Personal information
- Full name: David Arthur Blair
- Born: 25 August 1917 Scotland
- Died: 10 April 1985 (aged 67) Canterbury, Kent, England
- Sporting nationality: Scotland

Career
- Status: Amateur

Best results in major championships
- Masters Tournament: CUT: 1962, 1963
- PGA Championship: DNP
- U.S. Open: DNP
- The Open Championship: T9: 1960

= David Blair (golfer) =

Scottish golfer (1917–1985)

David Arthur Blair MBE, MC (25 August 1917 – 10 April 1985) was a Scottish amateur golfer. He finished in the top-10 in the Open Championship in 1960 and played in the Walker Cup in 1955 and 1961. He was a retired major in the Seaforth Highlanders in the British Army. His younger brother Chandos was also in the Seaforth Highlanders.

==Early life==
Blair was educated at Harrow School and the Royal Military College, Sandhurst.

==Military career==
Blair graduated from Sandhurst on 26 August 1937 and was commissioned as a second lieutenant in the Seaforth Highlanders, a line infantry regiment of the British Army. He was captured at El Adem in 1942 but escaped in 1943. He was awarded the Military Cross when his company made an assault crossing over a canal in Holland in late 1944.

==Business career==
Blair was chairman of the Scotch whisky export committee from 1985 to 1980 and a director of Distillers Company.
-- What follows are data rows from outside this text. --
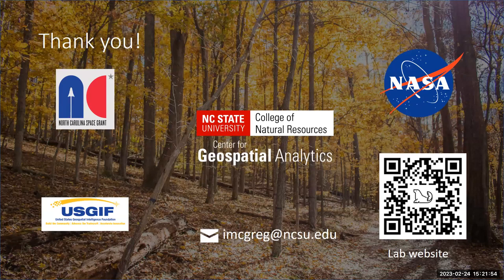Our next speaker is Annie Polykonis. She is advised by Dr. Helena Matashe and also Dr. Tom Perucker from the EPA, and she will be presenting on agricultural field delineations for use in large-scale ecological risk assessment.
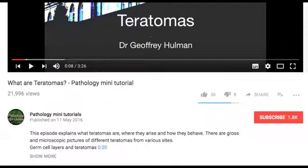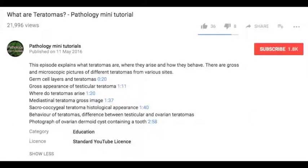Firstly, locate the video on teratomas. At the bottom of the video you can see a brief description about it, and beneath this it says 'show more.' Click 'show more' and this will expand the list of contents in the video with the precise time in blue.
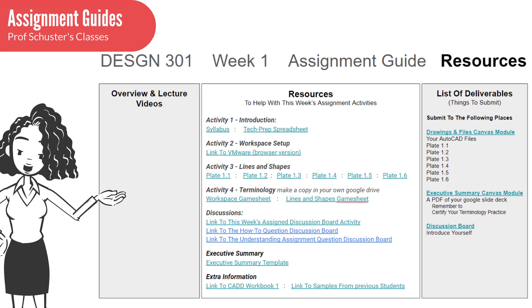Here is an example of the second page. It is your resource page. On it, you will find links to all of the videos that go with the week's work.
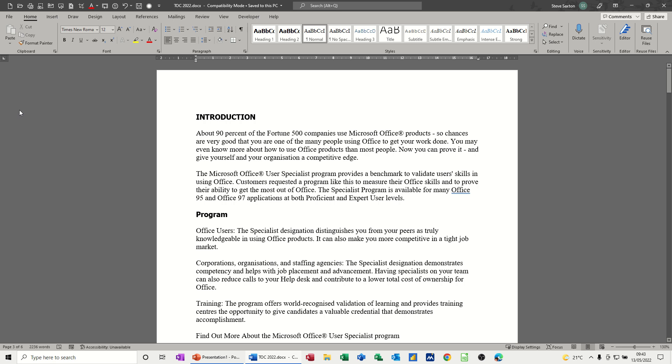Hi guys, welcome to this session in Microsoft Word. In this module I want to talk about how you can adjust indents. So I've got a document on the screen without any indents in at the moment and I just want to go through where they are and how you can put them on and then adjust them.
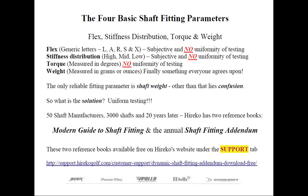Let's look at the four basic shaft parameters. We have the flex, stiffness distribution, torque — at least on graphite shafts — and the weight of the shaft to choose from. The only parameter we could probably confidently fit is the weight, as all the other parameters have absolutely no universal method of comparing one shaft to another because of the lack of standardization.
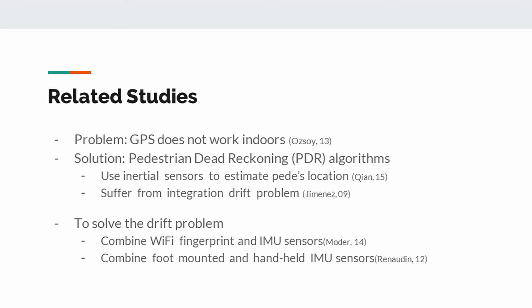The small errors in the sensor measurements cumulatively increase over time and cause larger errors in the positioning. To solve the drifting problem, Mother and his friends combine Wi-Fi fingerprints and IMU sensors. They estimate the step-length of walking person position by using IMU sensors and they use Wi-Fi signals to position of the person. However, their system requires predefined knowledge about location of Wi-Fi routers in the building.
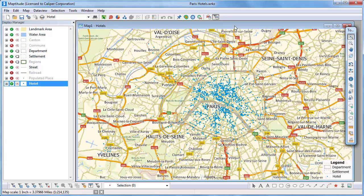This Maptitude tutorial shows you how to create a heat map using Maptitude density grids. A density grid transforms the points in a point layer into a regular grid.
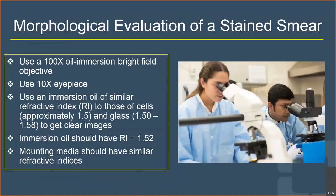Morphological evaluation of a stained smear is done using a 100x oil-immersion bright-field objective. It is important to evaluate all spermatozoa in a high-power field sequentially to avoid any bias or selection of particular spermatozoa. The immersion oil, glass slide, and mounting media all have the same refractive index, which prevents refraction of light and allows correct sperm morphology assessment.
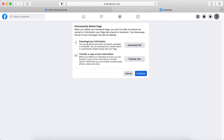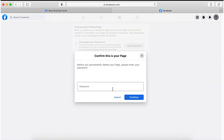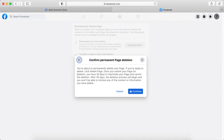If you want to download your information, you can do it, or if you want to transfer a copy of your information, just click transfer info. So in my case, I will just click continue. Type in your password, then delete.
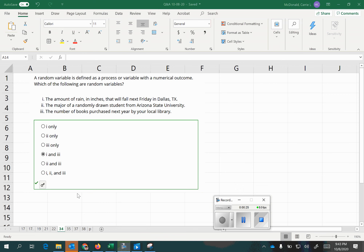So which of the following could be random variables? It has to be numerical. There are three options: two of them are numerical and one is categorical. The amount of rain in inches would be quantitative or numerical, and the number of books purchased would be quantitative or numerical. But the major of a randomly drawn student would be categorical, so that can't be a random variable. Therefore, options one and three are random variables and two is not.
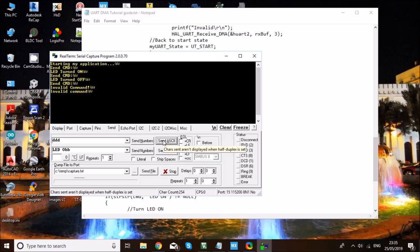That's everything for today. You will find this skill extremely useful if you're connecting your STM to a PC application. This brings me to the end of today's tutorial. Thank you for watching, and if you found it helpful, don't forget to like and subscribe. See you in the next video.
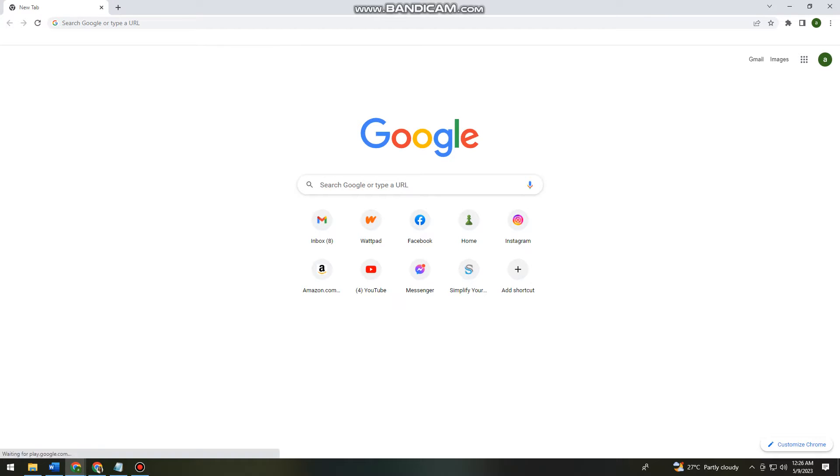Welcome! In this tutorial, I'm going to show you how to fix Omegle error connecting to server using your computer. So if you want to know how I did it, just keep on watching.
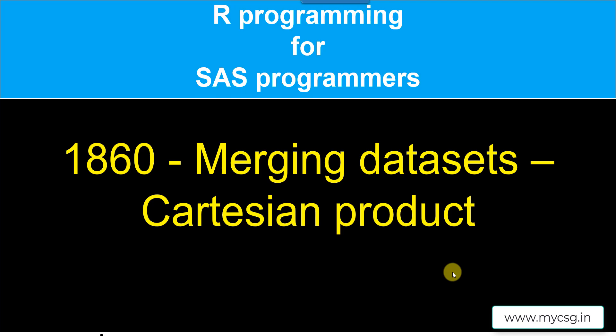Hello everyone. Welcome back to this video series on introduction to R programming for clinical SAS programmers. In this series, we are exploring SAS programming feature equivalents in R tidyverse package.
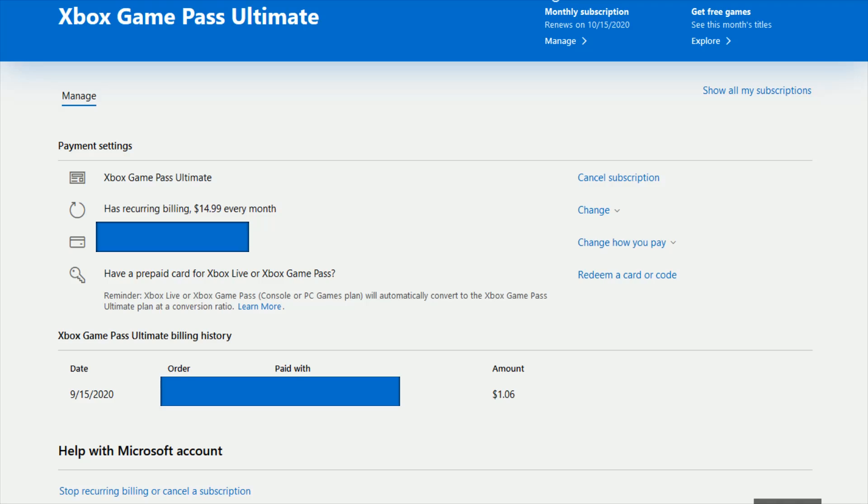So I hope this video is helpful going through and showing you exactly how you can go about either canceling your Xbox subscription or turning off recurring payments and how you can access this.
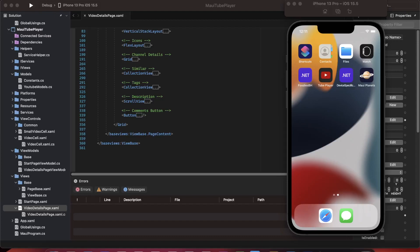Hello everyone and welcome back to part 9 of this series. Today we are going to work on implementing the comments functionality in our application — displaying a list of comments, fetching them from the APIs and displaying it on the screen using a bottom sheet. We will also implement video playback functionality.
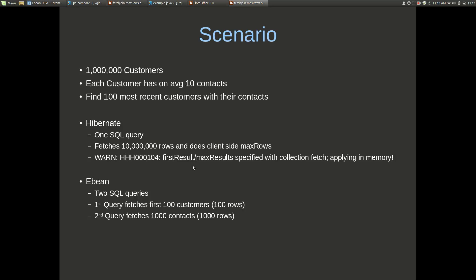With eBean it would split this up into two SQL queries. The first one is fetching the first 100 customers so we'll get 100 rows back from that. Then the second query will fetch the contacts for those 100 customers. That's on average 10 contacts per customer so we get about a thousand rows.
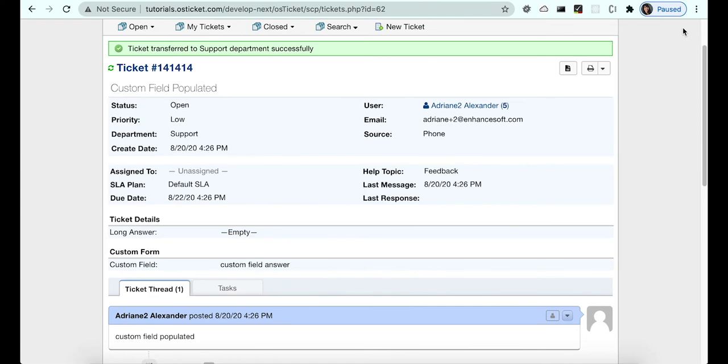Now, as you can see, this agent is still able to access the ticket even though they cannot access the department.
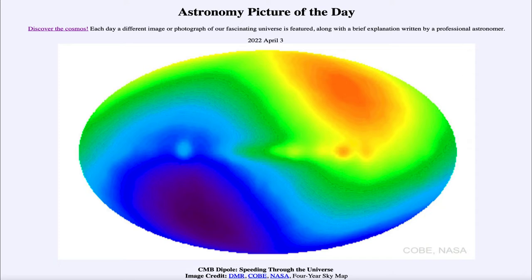Of course, this is a false color image. We're looking at microwaves — something that our eyes would not be sensitive to. So here, the colors are telling us about the direction of motion. When we see a blueshift, where it looks down towards the blue and violet on the lower left-hand side, that means that's the direction in which we are currently moving. And the red on the other side is a redshift, the direction from which we are moving away.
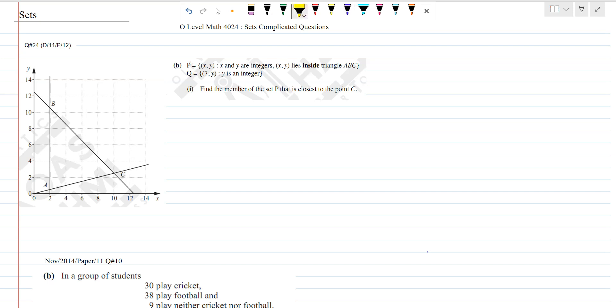In this video we are going to discuss O-Level Maths 4024 sets complicated questions. We will discuss several different questions on sets. The first question is from November 2011 Paper 1-2, and we are going to attempt only the second part that includes the concept of sets.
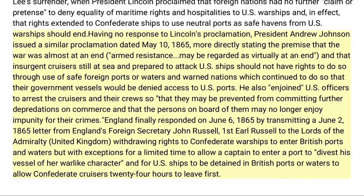Johnson also enjoined U.S. officers to arrest the cruisers and their crews to prevent further depredations on commerce and end their impunity. England finally responded on June 6, 1865, by transmitting a June 2, 1865 letter from England's Foreign Secretary John Russell, First Earl Russell, to the Lords of the Admiralty, withdrawing rights for Confederate warships to enter British ports and waters — with exceptions allowing a captain to enter a port to divest his vessel of her warlike character, and for U.S. ships to be detained in British ports to allow Confederate cruisers 24 hours to leave first.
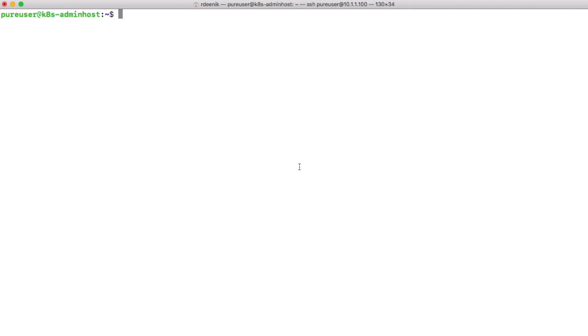Hey there and welcome to a recording of deploying Kubernetes using Kubespray. Today what I want to do is deploy Kubernetes on a six node cluster. For this I have prepared an admin host which we're currently logged on to, and I have deployed six vanilla Ubuntu 18.04 LTS installations.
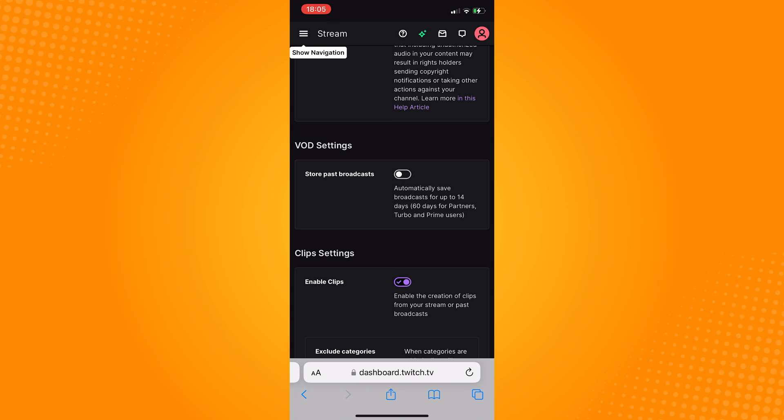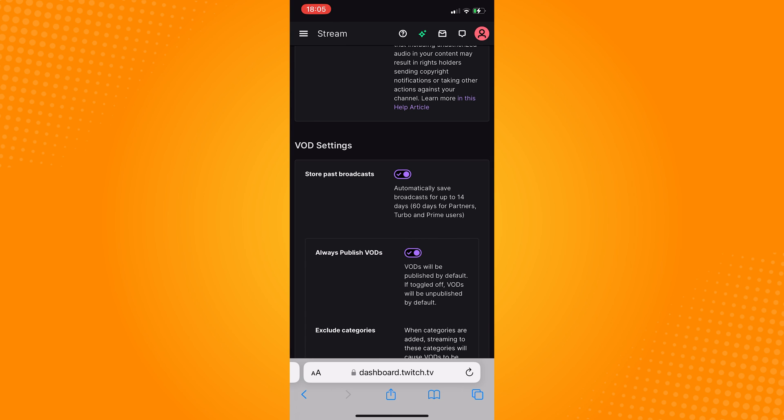To save Twitch streams, make sure to turn on this store past broadcast toggle and then that's it.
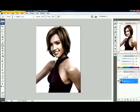Her hair color is pretty good, but we can make it better. I mean you could change it, but this is just a tutorial. So let's get started.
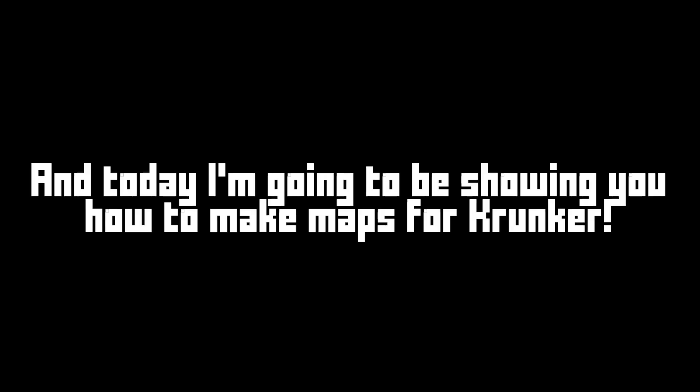Hello everyone, I'm Semify, and today I'm going to be showing you how to make maps for Krunker.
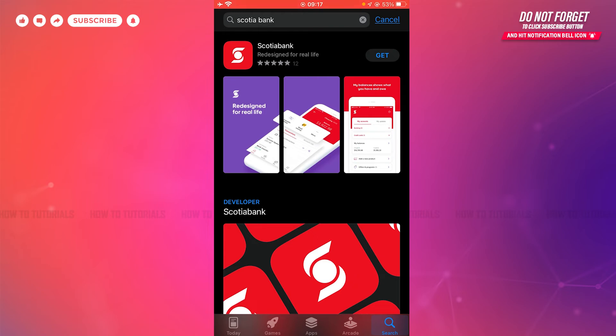You need to tap 'Get' just beside the application to get it installed. So you tap 'Get' and wait for the application to be fully installed.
He was also chairman of United Glass Ltd.

==Family==
Blair married in 1947 Elizabeth Adela Morton, daughter of Major Harold Trestrail Morton and his wife Beatrice Nathalie Shaw of The Abbey, Aston Abbotts.

==Amateur wins==
- 1935 Scottish Boys' Championship
- 1947 Army Championship
- 1948 Nairn Open
- 1953 Scottish Amateur, Royal St. Georges Gold Vase
- 1955 Golf Illustrated Gold Vase
- 1956 Golf Illustrated Gold Vase
- 1955 R&A Silver Cross, George Glennie Medal
- 1961 Scandinavian Amateur Championship
- 1964 Royal St. Georges Gold Vase
- 1966 Hampshire Hog
- 1967 Royal St. Georges Gold Vase, Hampshire Hog
- 1968 R&A Silver Cross
- 1970 Hampshire Hog

Source:

==Results in major championships==

| Tournament | 1950 | 1951 | 1952 | 1953 | 1954 | 1955 | 1956 | 1957 | 1958 | 1959 | 1960 | 1961 | 1962 | 1963 |
|---|---|---|---|---|---|---|---|---|---|---|---|---|---|---|
| Masters Tournament |  |  |  |  |  |  |  |  |  |  |  |  | CUT | CUT |
| The Open Championship | T30 |  |  |  |  |  |  |  |  |  | T9 |  | CUT |  |

Note: Blair only played in the Masters Tournament and The Open Championship.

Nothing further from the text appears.